Thinking of you Anna:) I've certainly had moments like this. I know the feeling. Hang in there girl....Get through the winter months being all cozy and toasty and cuddled up ...with the doggies. :) Love ya, Cindy C

Anonymous said...

God bless you.

Debby@Just Breathe said...

((HUGS))

Unknown said...

Look at all the love, validation and comfort here for you. Any and all of us ready to hold your hand & wipe your tears. Adding more waves of love to those already bound for you.

Anonymous said...

Anna,
Thank you for your transparency and for sharing your journey. Even though we have never met I think of you often and I admire your faithfulness.
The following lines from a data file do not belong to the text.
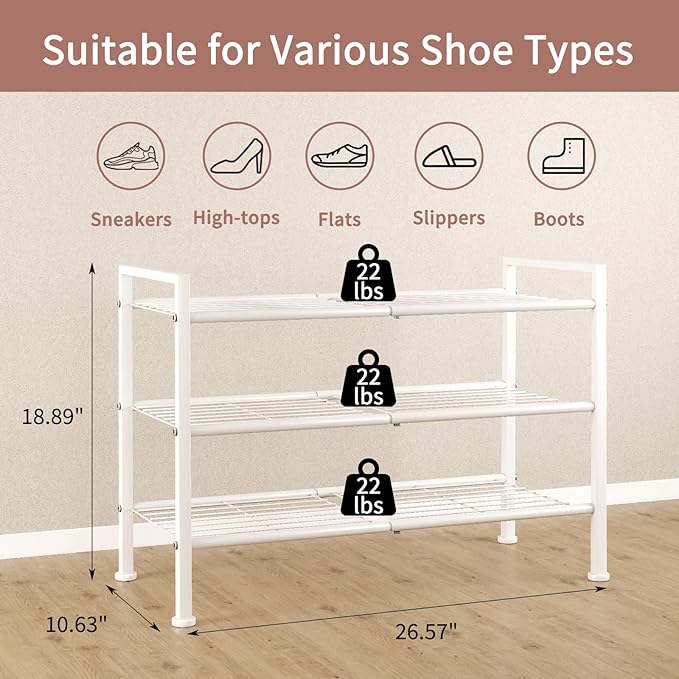 3-Tier Metal Shoe Rack, Sturdy Floor-Mounted Storage Organizer for Closet Entryway Garage Dorm Room, Easy Assembly Multi-Purp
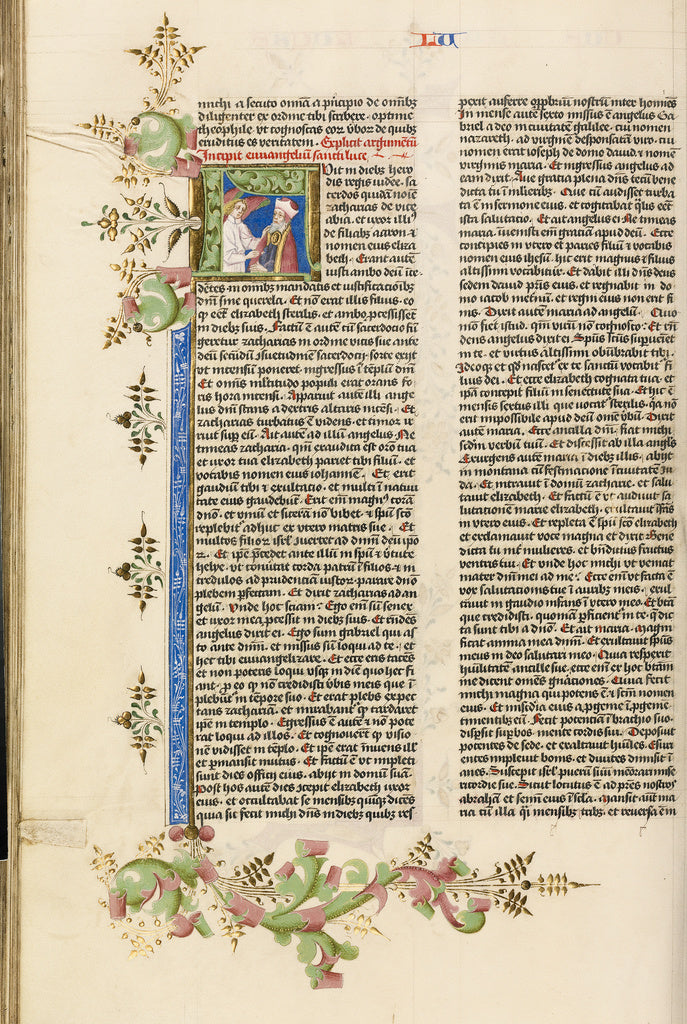 Stefan LochnerCircle of:Initial F: The Annunciation to Zecha, Poster Print Wall Art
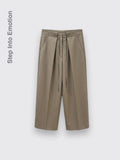 Chic Pleated Wide-leg Pants Brown L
God Bless you :

susanna said...

Yes. Yes, I understand.

Leah said...

Ahh you made me cry, maybe that's good, I stole some so there's a little less for you to shed xx

Jamie@southmainmuse said...

Maybe that little unexpected jolt jarred loose emotions -- fears, excitement, exhaustion -- that had been bolted down. You look so terribly cute. xoxo

Anonymous said...

Oh I know about those awful varicosities! My husband would joke that I was wearing a pregnancy jock strap. And the thing didn't even help all that much, though at least I could be upright without major pain then. Things got a little better when I started wearing support hose too, though they are such a pain to get on and off. When my water broke, I remember rushing into the bathroom to stand in the tub with all my clothes on. I started stripping, took off the hose and began to rinse them out in the shower water - habit, from rinsing them out every day. Suddenly I thought, no, my water is broken - I am never going to wear these again! And I threw them and my "jock strap" across the bathroom with such glee...

And the varicosities mostly went away on their own after, so don't worry!

Unknown said...

I praise loudly. I blame softly. See the link below for more info.


#softly
www.ufgop.org

Jules said...

I am just catching up--sorry to be so behind!!! BUT yes, crying while pregnant is some form of necessary release. I cried the other day at Mcdonalds because I "NEEDED" a McFlurry and they were out of ice cream. ugly, couldn't stop devastated crying. I think we try to hold things in and tough it out and then one day we just lose it over something that really is ok....and we are in fact crying over everything else.